Maddenin 1 inci fıkrasının (b) bendinde ve devamında faktoring şirketlerinin yapamayacağı diğer iş ve işlemler belirlenmiştir. Buna göre faktoring şirketleri;

1) Müşterilerine fıkra hükmünde belirtilen sınırlamalar dahilinde nakdi kredi kullandırabileceklerdir. Ancak bu fıkra hükmüne uyulmaması, sınırlamalar ile ilişkisiz şekilde nakdi kredi kullandırılması halinde ise somut olayın nitelikleri açısından ayrıca değerlendirilebilecek olmakla birlikte ana faaliyet konusu dışında faaliyet gösterildiği sonucuna ulaşılabilecektir.

Söz konusu hususun uygulanması açısından dikkat edilmesi gereken bir husus faktoring şirketinin ortaklarının “ortaklardan alacaklar” hesabının kullanılması sureti ile şirketten fon sağlamalarıdır. TTK’nın 358’inci maddesi uyarınca bir ortağın şirkete borçlanabilmesi için sermaye taahhütlerine ilişkin vadesi gelmiş borçlarını ödemiş olması, şirketin karı ile yedek akçelerinin toplamının geçmiş yıl zararlarını karşılayacak düzeyde olması gerekmektedir. Bununla birlikte Kanun’da TTK hükümlerinden daha sıkı bir anlayış hakim olup, faktoring şirketlerine ortaklarına nakdi kredi sağlamaları imkanı tanınmamıştır. Nitekim THP’de de “ortaklardan alacaklar” hesabı tanımlanmamıştır. Bu kapsamda ortakların faktoring şirketinden borçlanmaları halinde faktoring şirketinin ana faaliyet konusu dışında faaliyet gösterdiği sonucuna ulaşılabilecektir.

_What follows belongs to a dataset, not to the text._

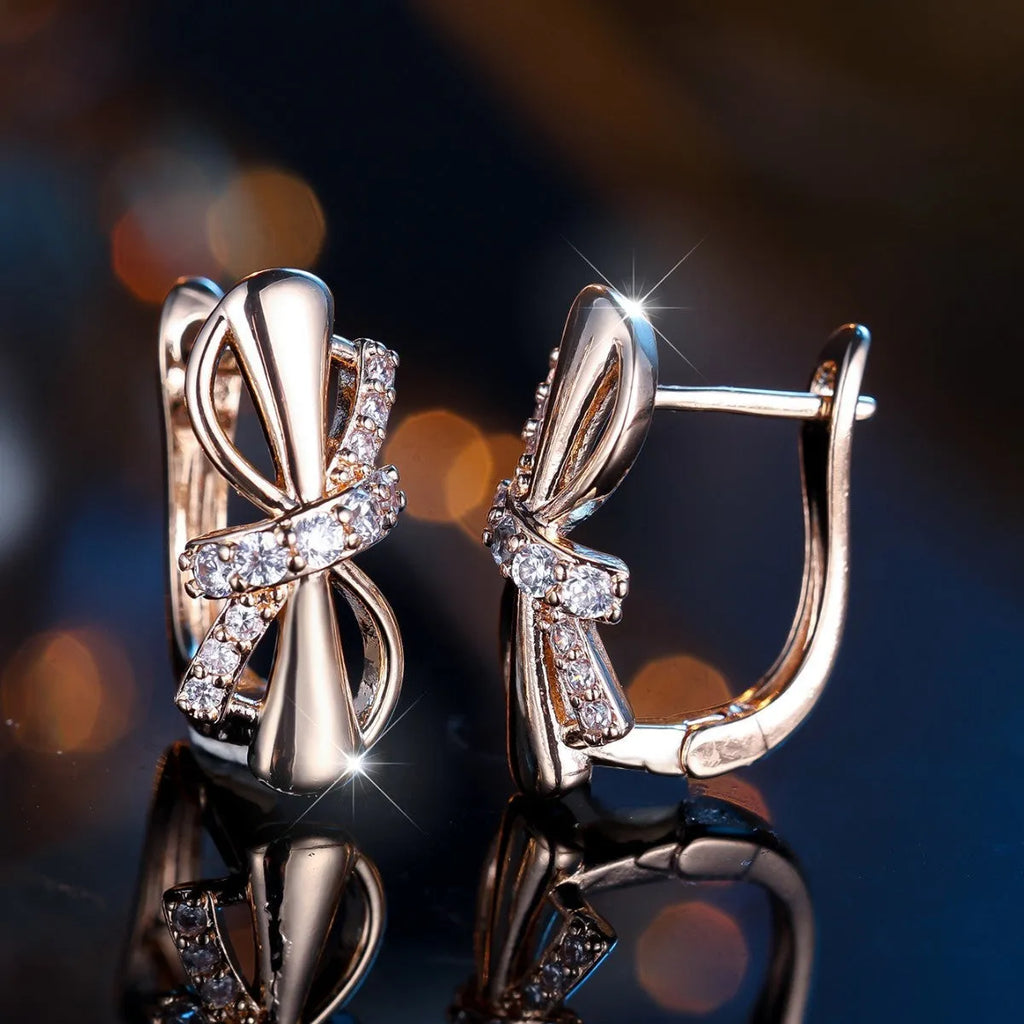 Champagne gold copper ear clip with white diamonds in fine bends and hitches design for women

2) Ortakları ve/veya ortaklıkları lehine madde hükmünde belirtilen sınırlamalar doğrultusunda garanti ve kefalet verebilecektir. Ancak hiçbir şekil ve surette teminat mektubu düzenleyemeyecektir.

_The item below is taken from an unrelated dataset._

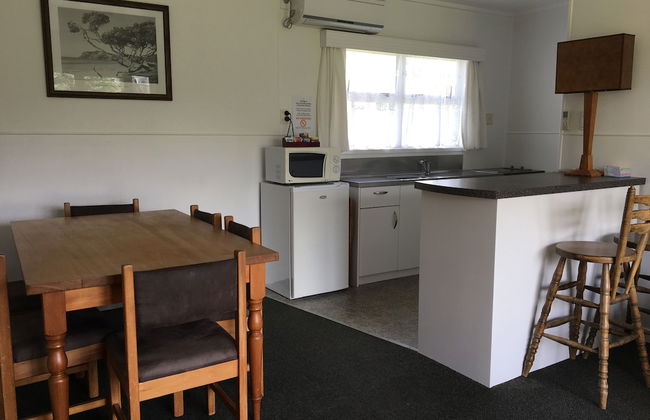 Raglan Palm Beach Motel - Photo 17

Uygulamada faktoring şirketleri takip dosyalarına ilişkin olarak mahkemelere bankalardan kendileri lehlerine düzenlenmiş olan teminat mektuplarını sunabilmektedirler. Bu teminat mektupları faktoring şirketleri açısından mahkemelere karşı yükümlülüklerini ortaya koyan cayılamaz taahhüt niteliğindedir. Bu bağlamda bunların verilen teminat mektubu olarak değil, cayılamaz taahhüt olarak muhasebe kayıtlarına yansıtılmasına özen gösterilmelidir.

3) Ana faaliyet konuları ile ilgili olarak garanti ve kefalet verebilecektir.

Faktoring şirketinin ana faaliyet konusu dışında ve/veya ortakları/ortaklıkları ile ilişkili olmayan kişiler lehine garanti veya kefalet vermesi veyahut herhangi bir suretle teminat mektubu düzenlemesi halinde mezkur faaliyetleri ana faaliyet konusu dışında faaliyette bulunulduğu şeklinde değerlendirilebilecektir.

4) Menkul kıymet ihraç edebilecek, uluslararası piyasalardan ödünç para alabilecek, ortak ve ortaklıklarından, bankalardan, para piyasalarından ve organize piyasalardan fon sağlayabilecektir. Ancak mevduat veya her ne ad altında olursa olsun bir ivaz karşılığı para toplayamayacaktır. Söz konusu düzenlemenin lafzından ivazsız para toplanabileceği gibi bir sonucun çıkamayacağını belirtmekte fayda görülmektedir. Bankacılık Kanunu’nun “Tanımlar ve Kısaltmalar” başlıklı 3’üncü maddesinde mevduat özetle herhangi bir şekilde halka duyurulmak sureti ile geri ödenmek üzere kabul edilen para olarak tanımlanmıştır. Dolayısı ile toplanan paranın ivazlı ya da ivazsız olması mevduat niteliğini etkilemeyecektir. Bu açıklama doğrultusunda faktoring şirketlerinin mevduat veya herhangi bir ad altında ivaz karşılığı para toplaması halinde ana faaliyet konusu dışındaki işlemlerle iştigal ettiği sonucuna ulaşılabilecektir.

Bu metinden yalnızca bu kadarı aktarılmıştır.